By Shanthy Nambiar
Kuwait Finance House KSC, the world's second-largest Islamic bank, said it plans to expand in India and China to target the $1 trillion dollar global market for services that comply with the religion's Shariah law.
The 31-year-old bank, using its hub in Malaysia, may open representative offices, offer real estate funds or invest directly in those markets, Chief Executive Officer Mohammed Sulaiman Al-Omar said from Kuwait City. Kuwait Finance aims to become a conduit from which companies and funds can tap clients across Asia and the Middle East.
``It is two big markets we cannot ignore,'' Al-Omar, 49, who is also general manager, said in an interview yesterday. ``Should we wait until the market is saturated or should we jump in today? We see growth and therefore we decided it will be on our radar.''
Middle East banks are turning to Asia as wealth held by the region's millionaires swells at a faster pace than in the U.S. and Europe and economic growth in India and China outpaces the Persian Gulf. Asia is home to about half of the world's Muslim population of 1.5 billion.
The wealth of high net-worth individuals in the Asia-Pacific region may grow by 8.5 percent a year to $12.7 trillion by 2011, the second-fastest increase after the Middle East, Merrill Lynch & Co. and Capgemini SA said in a 2007 world wealth report.

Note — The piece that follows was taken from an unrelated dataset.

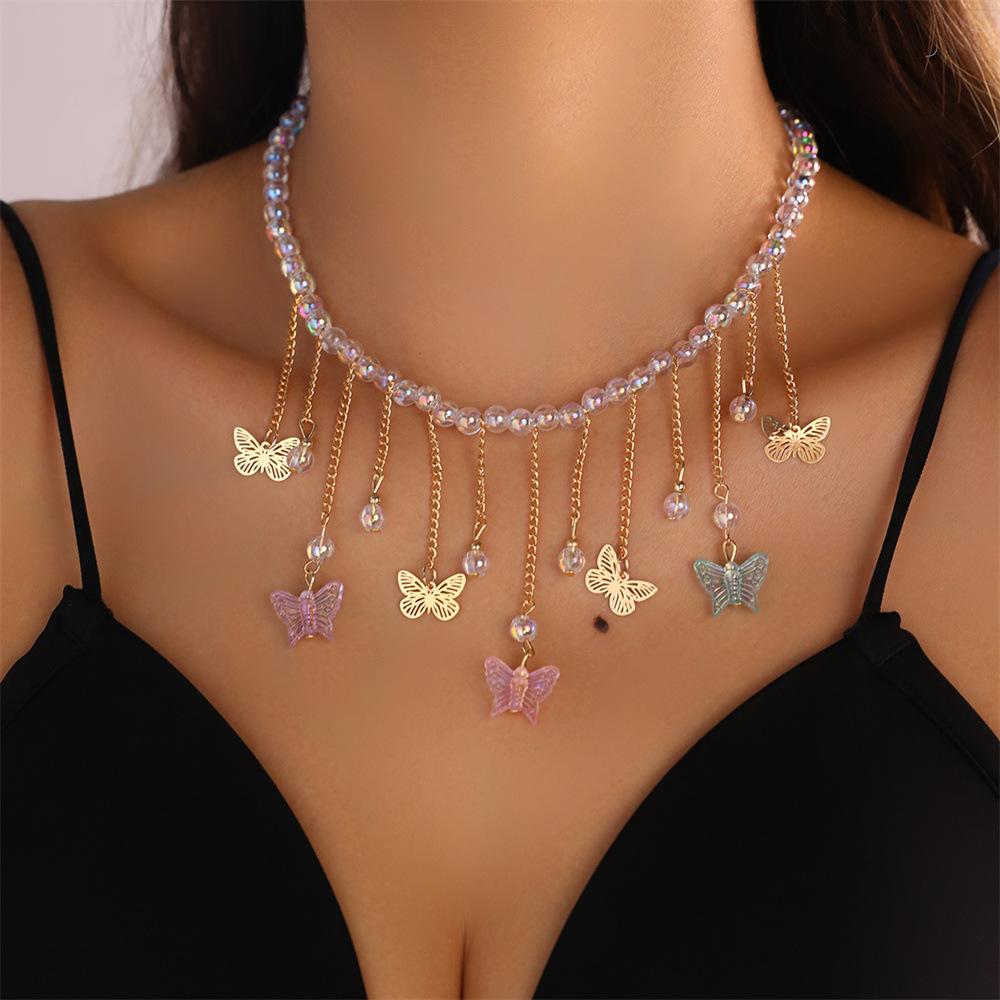 Crystal Butterfly Necklace Ladies Exquisite Pearl Clavicle Chain Sweet Choker Jewelry Fashion Choker Jewelry Party Gift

India and China ``are lucrative for Islamic banks,'' said Ritesh Maheshwari, Singapore-based bank analyst at Standard & Poor's. ``Islamic finance has reached a critical mass and there is enough buzz that it makes sense to reach out to beyond the predominantly Muslim countries.''
With assets of about $33 billion, Kuwait Finance has banking operations in Bahrain, Turkey and Malaysia. It plans to start an investment company in Saudi Arabia by the end of June pending regulatory approval, Al-Omar said.